What You Need to Know About Data Science
An Overview and Direction for Future Learning
The goal of this live training is to give participants a high-level overview of the current state of Data Science. We will investigate case studies to show how Data Science is used today, how to develop and run a successful Data Science project, which tools and technologies are most important and what decisions you need to make to ensure success.
This live training is an introduction to help you chart your Data Science journey. You need to decide which parts of Data Science are important to you. You will learn to acknowledge that Data Science is becoming increasingly important in industrial applications and that the body of knowledge is vast. We will put this into context and optimise your actions according to goals that you will develop.
What you'll learn-and how you can apply it
Participants will be able to: - Draw upon use cases and industry case studies - Describe the differences between common Data Science disciplines (e.g. AI, Big Data, Deep Learning, etc.) - Plan a Data Science project and describe common techniques - Describe the common tools and technologies - Be able to make important strategic decisions
This training course is for you because...
- You want to learn about Data Science but don’t know where to start
- You are a Developer and need to establish which tools and technologies to use
- You are a Manager and want to know the basics about running a Data Science project
- You want a systematic way of charting your future Data Science development
No prerequisites. Engineering, industrial background expected.
About your instructor
Dr. Philip Winder is a multidisciplinary Engineer who creates data-driven software products. His work incorporates Data Science, Cloud Native and traditional software development using a range of languages and tools.
Phil is the CEO of Winder, a Data Science consultancy in the UK, which operates throughout Europe delivering training, development and consultancy services. He has Ph.D. and a Masters degree in Electronics from the University of Hull, UK.
The timeframes are only estimates and may vary according to how the class is progressing
Everything You Wanted to Know About Data Science: An Introduction
Length: 60 min - Instructors will provide an introduction by discussing the applications and uses of Data Science through case studies.

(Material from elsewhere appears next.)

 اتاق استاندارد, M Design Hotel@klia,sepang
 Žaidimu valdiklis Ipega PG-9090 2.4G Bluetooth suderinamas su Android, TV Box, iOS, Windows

The difference between all the different disciplines (machine learning, analytics, big data, etc.) will be described in this context. (30 min) - Participants will begin to grasp the size of data science as a subject. They will be challenged to apply data science to a current problem. Selected individuals will get the opportunity present their idea and obtain feedback. Q&A. (25 min) - Assignment: Develop your own data science project. A worksheet and worked example will be provided.
Break: 5 min
Data Science in Industry: How to Build a Data-Driven Product
Length: 60 min - Instructors will describe how data products are developed using an industry standard process. Given the model, we will provide an overview of the common techniques used across data science. (30 min) - Participants will be able to plan their own data project and anticipate the techniques that they will need to apply. They will further develop their project idea with an implementation plan. Selected individuals will get the opportunity present their idea and obtain feedback. Q&A. (25 min) - Assignment: How to plan your data science project. A worksheet and a worked example will be provided.
Break: 5 min
Real World Implementations: Where to Start
Length: 60 min - Instructors will discuss real world industrial concerns. We will increase awareness of common tools and technologies. The most important strategic decisions and pitfalls will be discussed. (30 min) - Participants will further develop their project plan based upon technical and strategic decisions. This will help guide them to discover what they need to focus on next. Using their project plan they will develop key learning objectives and tasks that will help make their project a success. (25 min) - Assignment: What’s next? A worksheet and a practical example will be provided.